MERAKI ÇOCUKLUKTAN GELME
Küçüklüğünde çizime çok meraklı olduğunu ve gördüğü her şeyi çizmek istediğini sözlerine ekleyen Birden, çizim serüvenini şöyle anlattı: “Hoca sınıfta ders anlatırdı ben onu dinlemezdim ama onun ders anlatışını resmederdim. Ben genelde hayali çalışırım. Mesela görmediğim bir yeri bana anlatırlar, anlatılanlarla hayal dünyamda canlandırır ve resmederim. Resimlerimin çoğu hep o yönde oluştu.

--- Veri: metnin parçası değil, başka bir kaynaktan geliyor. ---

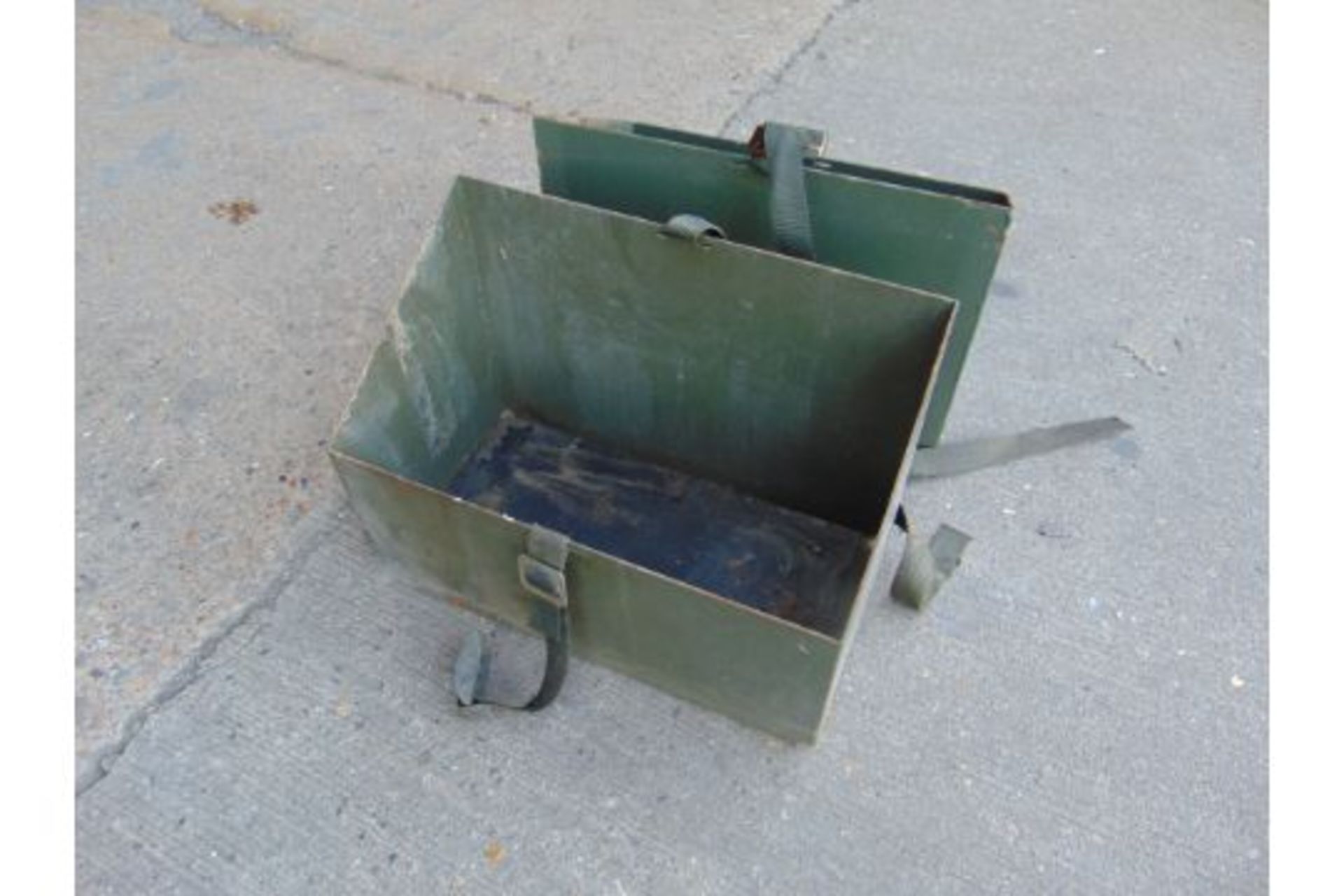 2 x JERRY CAN HOLDERS - Image 2 of 2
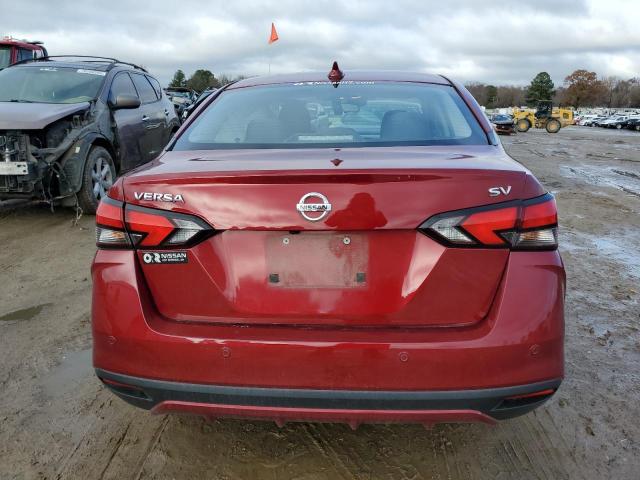 Photo 6 from auction – 2020 NISSAN VERSA SV with VIN 3N1CN8EV1LL905763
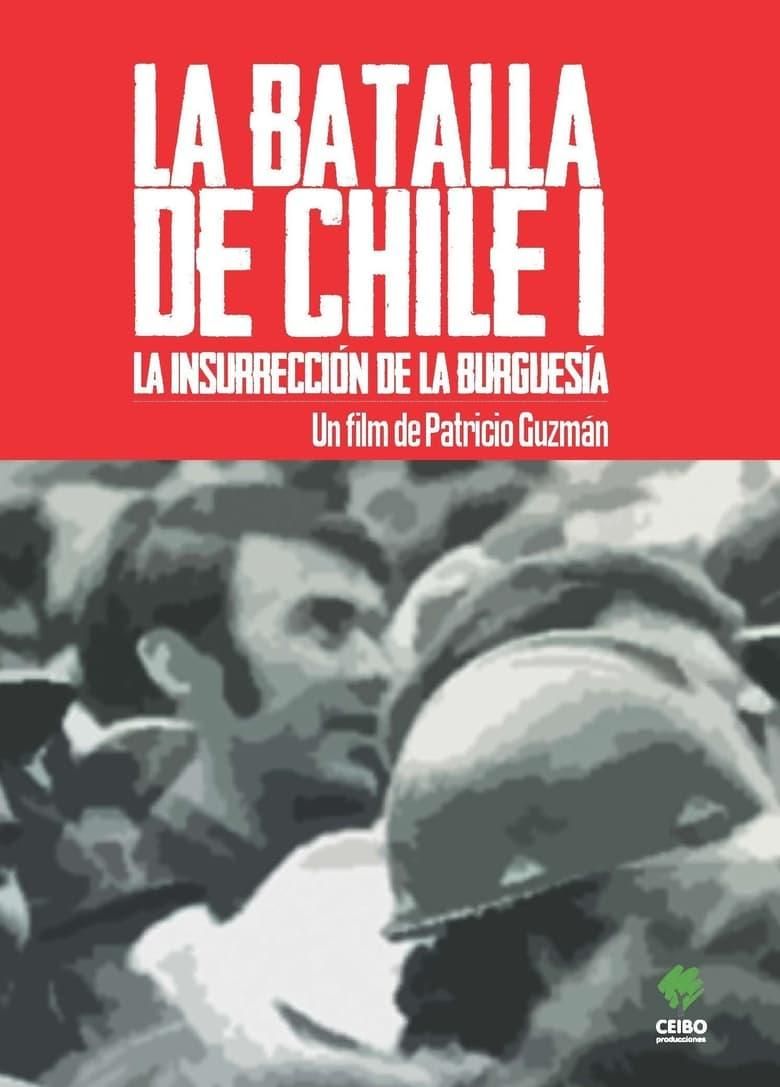The Battle of Chile: Part I poster image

Gençliğimde İstanbul’a giderdim orada lokantalar benden bölgenin tarihi yerlerini duvarlara resmetmemi isterlerdi. Eskiden imkânda yoktu. Misal Harran’ı çizmemi isterlerdi, hiç görmediğim halde duyduklarımdan ve anlatılanlardan yola çıkarak Harran’ı resmederdim.”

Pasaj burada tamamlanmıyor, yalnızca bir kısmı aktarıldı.